WWW- A privacy suit against a blogger should be dismissed because her explicit postings about an affair with a co-worker are a newsworthy portrayal of “casual sex among members of the political class in Washington,” her lawyers argue.
In a case that tests the limits of privacy in the Internet age, Jessica Cutler — aka “Washingtonienne” — claims she had a First Amendment right to “discuss her own personal sexual experiences” with Robert Steinbuch. The two of them had their affair while they both worked for Sen. Michael DeWine (R-Ohio).
“The interrelationship between youth, beauty, sex, money, and power in Washington has long been a matter of legitimate and sometimes pressing public interest,” defense counsel at Berliner, Corcoran & Rowe (Washington, D.C.) say in a motion to dismiss Steinbuch’s privacy suit.
But the plaintiff’s lawyers have responded that Cutler’s blog has no nexus to a newsworthy topic, noting that Cutler herself has said it is “really about a bunch of nobodies fucking each other.”
“If Cutler now claims that her recitation of private facts … is newsworthy, then no bureaucrat or employee in Washington, D.C. — indeed no person anywhere in the Country — would have a right to privacy,” they say in their opposition.

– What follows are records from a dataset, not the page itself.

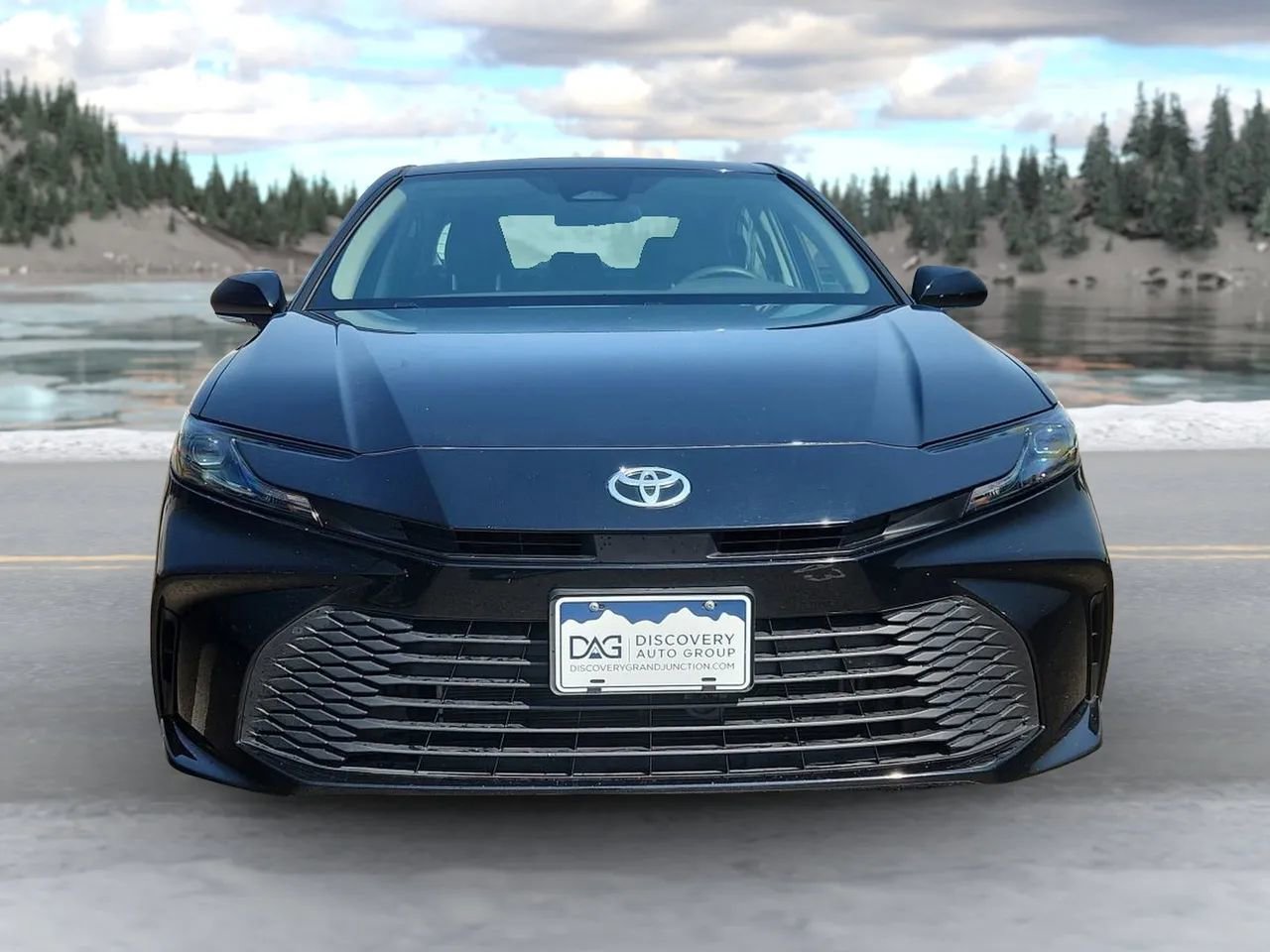 Used 2025 Toyota Camry LE image 2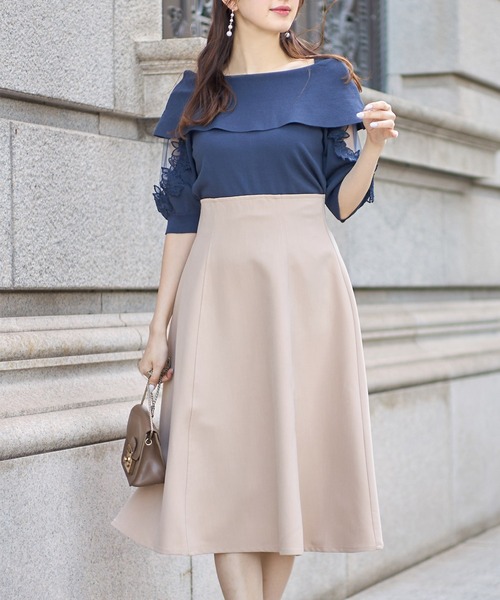 tocco closet(トッコ クローゼット)の「フラワーレース装飾チュールスリーブ切替オフショルシャリニットプルオーバー(ニット/セーター・レディース・ネイビー/オフホワイト/ラベンダー・M)」の21枚目の写真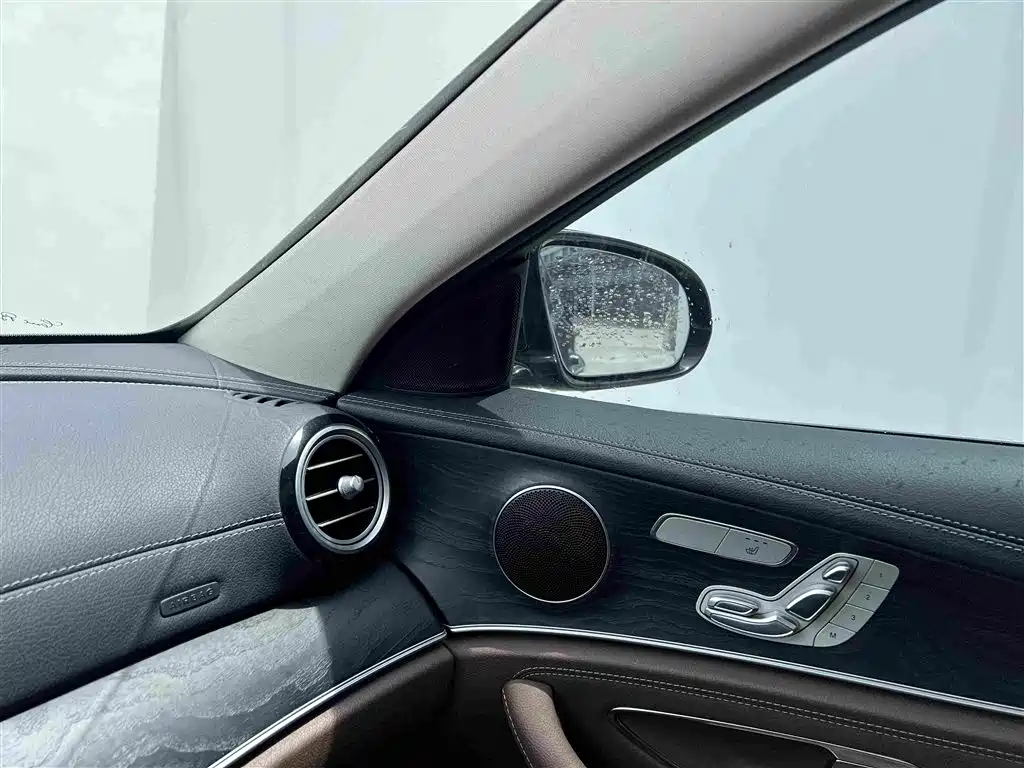 Mercedes-Benz E-Class 2017 — фото 14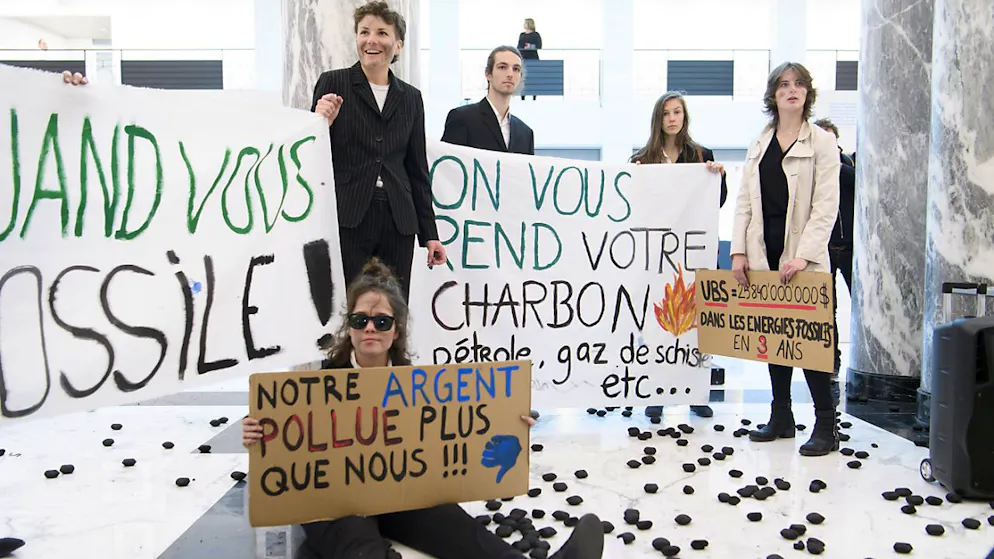 Des militants du mouvement de la grève pour le climat ont répandu des morceaux de charbon dans une succursale d'UBS à Lausanne en janvier 2020 (archives).
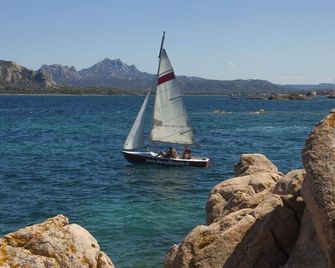 Centro Vacanze Isuledda - Cannigione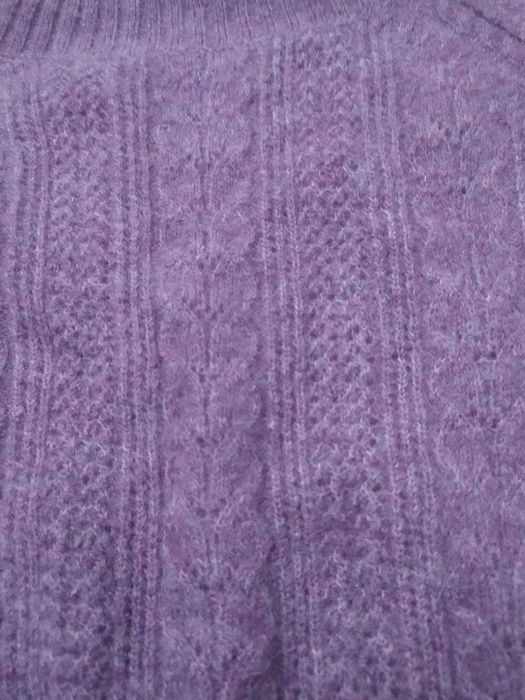 Жіночий джемпер бузкового кольору з фактурною в'язкою white stuff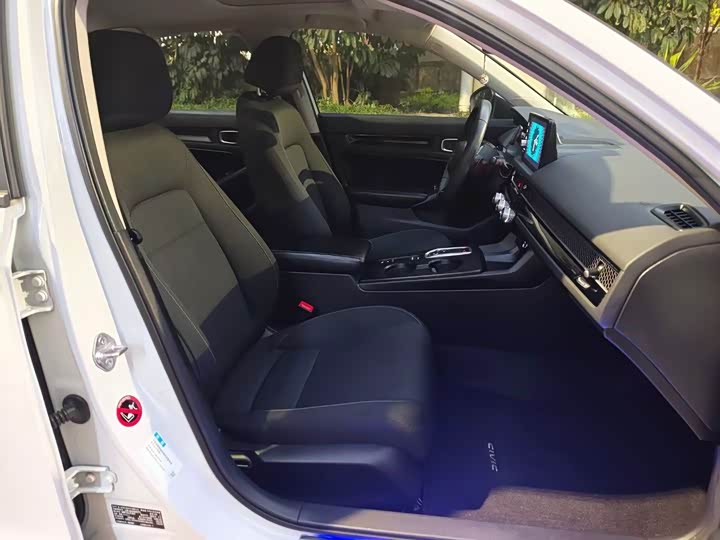 Фото 8 - Honda Civic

The pleadings raise several other tricky issues. Among them are whether
* Cutler “publicized” her private blog by declining to password protect it.
*Steinbuch had no “objectively reasonable” expectation of privacy because he “essentially knew nothing about Cutler before entering into sexual relations with her.”
*Cutler’s explicit revelations are really shocking “when viewed in the context” of contemporary America’s sex-saturated culture.
There’s also this one-of-a-kind footnote:
Read in context, Cutler’s comment that “we have nasty sex like animals, not man and wife” appears to reflect Cutler’s questioning of the nature of her relationship with Steinbuch, not an explicit description of sexual activity. It is therefore questionable whether this comment can even fairly be described as a fact.